[Ticket #2393] Text.PrettyPrint.HughesPJ: Bug fixes, performance
improvement
Benedikt Huber
benjovi at gmx.net
Wed Jun 25 08:41:20 EDT 2008
Simon PeytonJones schrieb:
> Thank you for doing this Benedict. I've added your more detailed comments to ticket #2393 so that they are preserved.
>
> Ian: would you like to apply? I'm not sure how to integrate the QuickCheck tests, but I bet you know.
I'm glad this is useful  and I'm impressed by the complexity of the
pretty printer library. I'm tackling the other tickets now and adding
more QuickCheck test.
> Benedict: while you are in the area, would you like to take a swing at http://hackage.haskell.org/trac/ghc/ticket/1337, and 1176?
In my opinion, ticket #667 can be marked invalid (see comments).

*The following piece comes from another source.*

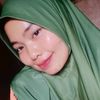 efelinaaritonangshop10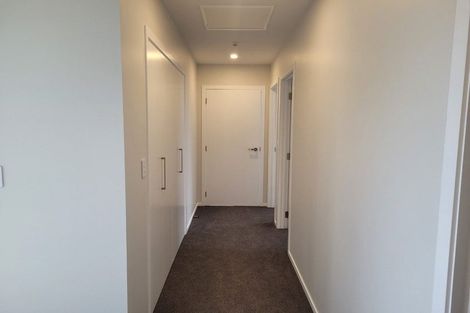Photo of property in 10- 12 Shannon Street, Clifton, Invercargill, 9812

Concerning ticket #1337, we have to change the formal specification of
fill (it doesn't match the implementation):
 Current Specification:
 fill [] = empty
 fill [p] = p
 fill (p1:p2:ps) = oneLiner p1 <#> nest (length p1)
 (fill (oneLiner p2 : ps))
 `union`
 p1 $$ fill ps
Problem 1: We want to `unnest' the second argument of (p1 $$ fill ps),
but not the first one
In the definition above we have e.g.
> getSecondLayout $
> fillDef False [text "a", text "b", text "a"]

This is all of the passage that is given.